──────── Provided data

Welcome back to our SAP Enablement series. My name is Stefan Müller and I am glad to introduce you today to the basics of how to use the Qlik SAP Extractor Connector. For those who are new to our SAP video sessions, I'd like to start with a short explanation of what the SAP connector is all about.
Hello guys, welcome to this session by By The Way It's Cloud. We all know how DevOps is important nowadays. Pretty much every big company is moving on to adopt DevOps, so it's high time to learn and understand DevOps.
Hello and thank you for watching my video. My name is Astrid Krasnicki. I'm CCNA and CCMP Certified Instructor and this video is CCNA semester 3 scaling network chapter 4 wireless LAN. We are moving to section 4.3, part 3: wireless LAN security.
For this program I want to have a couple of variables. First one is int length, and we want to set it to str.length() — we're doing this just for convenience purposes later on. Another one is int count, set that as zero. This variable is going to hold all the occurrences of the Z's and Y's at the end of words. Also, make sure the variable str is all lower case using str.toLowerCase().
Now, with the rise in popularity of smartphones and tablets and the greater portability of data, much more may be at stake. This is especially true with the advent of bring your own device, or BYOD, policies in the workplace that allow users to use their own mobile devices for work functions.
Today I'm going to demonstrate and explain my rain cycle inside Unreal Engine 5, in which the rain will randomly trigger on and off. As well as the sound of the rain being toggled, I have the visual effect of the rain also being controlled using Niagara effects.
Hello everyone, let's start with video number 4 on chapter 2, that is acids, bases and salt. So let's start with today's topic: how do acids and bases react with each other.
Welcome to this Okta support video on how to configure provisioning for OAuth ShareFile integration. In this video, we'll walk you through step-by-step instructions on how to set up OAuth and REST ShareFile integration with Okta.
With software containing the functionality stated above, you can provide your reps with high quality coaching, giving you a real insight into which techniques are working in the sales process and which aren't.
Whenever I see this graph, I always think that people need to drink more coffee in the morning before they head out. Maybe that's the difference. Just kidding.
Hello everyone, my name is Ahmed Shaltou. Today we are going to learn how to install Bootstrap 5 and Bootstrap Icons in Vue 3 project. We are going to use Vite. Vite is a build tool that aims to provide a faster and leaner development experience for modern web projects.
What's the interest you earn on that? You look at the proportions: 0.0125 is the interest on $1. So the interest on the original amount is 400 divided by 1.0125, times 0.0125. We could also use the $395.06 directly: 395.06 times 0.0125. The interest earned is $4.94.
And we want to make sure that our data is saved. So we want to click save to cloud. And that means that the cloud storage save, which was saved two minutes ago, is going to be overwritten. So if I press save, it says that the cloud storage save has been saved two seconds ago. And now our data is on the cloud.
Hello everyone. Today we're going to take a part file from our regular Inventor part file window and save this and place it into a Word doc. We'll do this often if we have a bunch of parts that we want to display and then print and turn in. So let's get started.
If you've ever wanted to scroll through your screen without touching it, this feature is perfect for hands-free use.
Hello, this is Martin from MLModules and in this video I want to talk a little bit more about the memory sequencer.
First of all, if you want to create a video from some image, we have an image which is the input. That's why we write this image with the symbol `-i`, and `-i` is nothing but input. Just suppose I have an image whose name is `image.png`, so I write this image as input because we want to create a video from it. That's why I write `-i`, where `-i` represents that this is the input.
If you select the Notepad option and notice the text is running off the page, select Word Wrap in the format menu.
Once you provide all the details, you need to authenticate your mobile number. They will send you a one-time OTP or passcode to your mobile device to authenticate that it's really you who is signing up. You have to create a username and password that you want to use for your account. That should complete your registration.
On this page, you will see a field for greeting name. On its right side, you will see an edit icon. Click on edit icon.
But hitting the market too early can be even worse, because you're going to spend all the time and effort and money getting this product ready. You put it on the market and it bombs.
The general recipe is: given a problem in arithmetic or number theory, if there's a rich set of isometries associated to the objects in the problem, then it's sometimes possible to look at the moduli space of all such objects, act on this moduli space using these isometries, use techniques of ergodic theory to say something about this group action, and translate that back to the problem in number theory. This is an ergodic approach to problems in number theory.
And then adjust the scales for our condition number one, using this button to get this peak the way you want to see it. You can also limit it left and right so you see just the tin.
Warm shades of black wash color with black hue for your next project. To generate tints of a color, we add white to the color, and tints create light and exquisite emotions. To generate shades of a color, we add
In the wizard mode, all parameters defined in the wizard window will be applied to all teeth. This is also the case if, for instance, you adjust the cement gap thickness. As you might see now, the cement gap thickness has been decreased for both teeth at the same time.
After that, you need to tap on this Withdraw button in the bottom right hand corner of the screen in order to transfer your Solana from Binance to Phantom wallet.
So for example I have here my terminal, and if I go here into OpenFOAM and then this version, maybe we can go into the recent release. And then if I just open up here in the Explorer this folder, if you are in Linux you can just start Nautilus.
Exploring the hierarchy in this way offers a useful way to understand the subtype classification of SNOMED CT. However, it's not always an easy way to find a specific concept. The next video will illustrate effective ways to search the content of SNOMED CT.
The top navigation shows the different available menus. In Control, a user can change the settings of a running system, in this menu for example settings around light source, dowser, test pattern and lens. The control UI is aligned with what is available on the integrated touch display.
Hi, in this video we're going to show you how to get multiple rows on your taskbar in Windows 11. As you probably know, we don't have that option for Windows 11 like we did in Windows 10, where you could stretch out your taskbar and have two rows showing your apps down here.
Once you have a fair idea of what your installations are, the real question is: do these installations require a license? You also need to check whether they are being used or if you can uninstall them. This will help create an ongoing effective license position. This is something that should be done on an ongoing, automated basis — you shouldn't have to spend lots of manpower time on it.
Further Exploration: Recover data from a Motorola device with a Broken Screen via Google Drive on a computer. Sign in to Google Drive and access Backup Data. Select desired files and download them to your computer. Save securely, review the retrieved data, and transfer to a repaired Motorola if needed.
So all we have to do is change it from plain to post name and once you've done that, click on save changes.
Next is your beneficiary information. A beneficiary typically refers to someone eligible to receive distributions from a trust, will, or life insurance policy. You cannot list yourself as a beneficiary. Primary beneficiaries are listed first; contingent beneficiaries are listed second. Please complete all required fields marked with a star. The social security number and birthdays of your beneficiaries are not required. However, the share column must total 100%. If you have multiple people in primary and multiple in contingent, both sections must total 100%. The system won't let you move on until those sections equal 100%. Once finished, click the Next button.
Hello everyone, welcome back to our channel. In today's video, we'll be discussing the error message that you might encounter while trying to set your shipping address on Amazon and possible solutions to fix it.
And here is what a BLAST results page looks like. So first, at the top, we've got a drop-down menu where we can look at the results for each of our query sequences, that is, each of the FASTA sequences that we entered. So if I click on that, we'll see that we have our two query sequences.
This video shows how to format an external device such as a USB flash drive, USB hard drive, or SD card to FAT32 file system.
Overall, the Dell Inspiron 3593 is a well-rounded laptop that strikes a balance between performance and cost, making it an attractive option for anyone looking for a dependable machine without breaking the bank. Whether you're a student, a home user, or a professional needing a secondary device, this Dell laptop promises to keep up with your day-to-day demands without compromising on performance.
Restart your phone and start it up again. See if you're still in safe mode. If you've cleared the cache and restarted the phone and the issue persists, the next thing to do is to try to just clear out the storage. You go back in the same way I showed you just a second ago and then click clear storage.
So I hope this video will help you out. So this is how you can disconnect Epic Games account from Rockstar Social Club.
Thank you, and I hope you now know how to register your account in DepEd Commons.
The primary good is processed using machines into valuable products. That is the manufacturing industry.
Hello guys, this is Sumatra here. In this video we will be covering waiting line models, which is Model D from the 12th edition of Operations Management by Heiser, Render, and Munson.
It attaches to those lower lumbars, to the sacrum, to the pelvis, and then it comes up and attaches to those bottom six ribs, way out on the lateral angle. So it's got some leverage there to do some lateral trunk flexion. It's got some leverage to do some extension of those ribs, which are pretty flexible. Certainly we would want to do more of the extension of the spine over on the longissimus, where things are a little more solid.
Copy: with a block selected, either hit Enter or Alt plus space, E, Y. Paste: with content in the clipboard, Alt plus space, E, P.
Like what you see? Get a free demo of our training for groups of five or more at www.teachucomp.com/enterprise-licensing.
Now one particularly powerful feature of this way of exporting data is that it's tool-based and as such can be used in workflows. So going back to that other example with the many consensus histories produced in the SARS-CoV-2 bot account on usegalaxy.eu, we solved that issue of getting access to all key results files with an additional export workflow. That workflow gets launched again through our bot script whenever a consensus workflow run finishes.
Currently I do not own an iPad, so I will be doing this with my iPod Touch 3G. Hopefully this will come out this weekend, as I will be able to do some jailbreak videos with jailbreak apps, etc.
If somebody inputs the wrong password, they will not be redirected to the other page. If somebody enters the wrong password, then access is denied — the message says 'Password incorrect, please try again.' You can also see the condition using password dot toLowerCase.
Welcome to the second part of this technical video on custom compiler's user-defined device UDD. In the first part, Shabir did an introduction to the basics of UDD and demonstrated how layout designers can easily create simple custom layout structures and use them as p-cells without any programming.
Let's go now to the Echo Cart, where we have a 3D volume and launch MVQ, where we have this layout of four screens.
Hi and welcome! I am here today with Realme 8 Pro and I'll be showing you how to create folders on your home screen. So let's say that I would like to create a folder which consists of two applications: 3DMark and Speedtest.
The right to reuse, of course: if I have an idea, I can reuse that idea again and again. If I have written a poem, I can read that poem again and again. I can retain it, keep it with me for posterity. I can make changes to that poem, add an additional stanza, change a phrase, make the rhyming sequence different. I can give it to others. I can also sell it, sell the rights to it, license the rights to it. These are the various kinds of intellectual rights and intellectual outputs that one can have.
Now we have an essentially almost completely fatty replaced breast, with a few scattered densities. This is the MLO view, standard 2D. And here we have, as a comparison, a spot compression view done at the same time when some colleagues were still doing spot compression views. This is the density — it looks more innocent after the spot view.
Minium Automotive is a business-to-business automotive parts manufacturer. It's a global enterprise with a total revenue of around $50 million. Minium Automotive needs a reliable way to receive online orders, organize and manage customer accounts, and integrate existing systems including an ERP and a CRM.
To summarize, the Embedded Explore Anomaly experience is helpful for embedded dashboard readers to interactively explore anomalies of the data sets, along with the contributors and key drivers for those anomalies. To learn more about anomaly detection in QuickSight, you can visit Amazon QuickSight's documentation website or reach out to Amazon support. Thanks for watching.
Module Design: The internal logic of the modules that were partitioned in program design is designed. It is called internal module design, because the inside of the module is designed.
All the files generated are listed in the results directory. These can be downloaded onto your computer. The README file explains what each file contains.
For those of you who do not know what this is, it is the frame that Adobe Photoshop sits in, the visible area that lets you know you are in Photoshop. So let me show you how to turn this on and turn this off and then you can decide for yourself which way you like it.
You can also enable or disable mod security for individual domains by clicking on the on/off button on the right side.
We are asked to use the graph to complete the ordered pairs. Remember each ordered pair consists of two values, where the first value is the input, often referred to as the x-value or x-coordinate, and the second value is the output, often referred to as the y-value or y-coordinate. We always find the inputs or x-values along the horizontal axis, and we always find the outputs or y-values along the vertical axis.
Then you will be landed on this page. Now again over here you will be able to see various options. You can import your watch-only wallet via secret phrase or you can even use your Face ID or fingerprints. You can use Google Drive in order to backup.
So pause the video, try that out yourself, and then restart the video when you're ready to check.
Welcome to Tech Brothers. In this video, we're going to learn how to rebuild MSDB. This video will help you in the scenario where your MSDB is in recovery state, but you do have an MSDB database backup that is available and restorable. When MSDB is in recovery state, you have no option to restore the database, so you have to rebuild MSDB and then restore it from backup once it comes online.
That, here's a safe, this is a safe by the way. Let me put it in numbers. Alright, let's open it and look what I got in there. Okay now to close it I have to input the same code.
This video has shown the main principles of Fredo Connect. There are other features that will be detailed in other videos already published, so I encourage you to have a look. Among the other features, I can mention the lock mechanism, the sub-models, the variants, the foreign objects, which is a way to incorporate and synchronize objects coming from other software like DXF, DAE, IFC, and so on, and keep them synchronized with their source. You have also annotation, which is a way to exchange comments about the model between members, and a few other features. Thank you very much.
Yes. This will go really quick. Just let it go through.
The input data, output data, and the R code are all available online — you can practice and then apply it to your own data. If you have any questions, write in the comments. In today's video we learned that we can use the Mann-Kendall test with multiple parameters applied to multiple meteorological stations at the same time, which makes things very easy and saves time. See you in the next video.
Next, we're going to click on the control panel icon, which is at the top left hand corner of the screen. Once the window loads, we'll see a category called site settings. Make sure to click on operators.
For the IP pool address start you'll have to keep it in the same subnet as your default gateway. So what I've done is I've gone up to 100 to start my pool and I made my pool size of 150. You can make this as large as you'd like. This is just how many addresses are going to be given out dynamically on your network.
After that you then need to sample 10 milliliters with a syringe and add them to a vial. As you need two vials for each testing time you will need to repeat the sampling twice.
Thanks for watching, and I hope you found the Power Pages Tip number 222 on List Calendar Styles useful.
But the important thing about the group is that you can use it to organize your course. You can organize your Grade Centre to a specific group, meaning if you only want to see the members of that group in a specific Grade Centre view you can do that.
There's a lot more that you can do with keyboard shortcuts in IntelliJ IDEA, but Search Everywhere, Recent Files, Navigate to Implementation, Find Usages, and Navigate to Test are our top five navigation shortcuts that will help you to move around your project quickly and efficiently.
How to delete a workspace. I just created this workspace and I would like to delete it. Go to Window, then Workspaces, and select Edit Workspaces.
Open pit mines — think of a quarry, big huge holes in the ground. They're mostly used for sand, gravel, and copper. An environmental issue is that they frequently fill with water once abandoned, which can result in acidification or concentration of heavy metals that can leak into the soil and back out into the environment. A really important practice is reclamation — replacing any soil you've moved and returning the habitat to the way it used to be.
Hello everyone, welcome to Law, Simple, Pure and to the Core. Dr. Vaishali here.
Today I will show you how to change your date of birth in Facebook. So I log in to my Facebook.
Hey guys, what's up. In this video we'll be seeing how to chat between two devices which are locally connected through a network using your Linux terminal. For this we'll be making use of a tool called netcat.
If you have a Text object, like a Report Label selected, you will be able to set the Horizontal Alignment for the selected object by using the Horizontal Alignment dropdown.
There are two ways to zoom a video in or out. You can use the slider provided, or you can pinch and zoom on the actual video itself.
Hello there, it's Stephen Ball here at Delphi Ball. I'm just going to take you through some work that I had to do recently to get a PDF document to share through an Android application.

────────────────

_Problem to solve_: What are the lines, exactly as written above, from the line with "Let's go now" to the line with "Hi and welcome!", both included? Output only those.

_The completed task_:
Let's go now to the Echo Cart, where we have a 3D volume and launch MVQ, where we have this layout of four screens.
Hi and welcome! I am here today with Realme 8 Pro and I'll be showing you how to create folders on your home screen. So let's say that I would like to create a folder which consists of two applications: 3DMark and Speedtest.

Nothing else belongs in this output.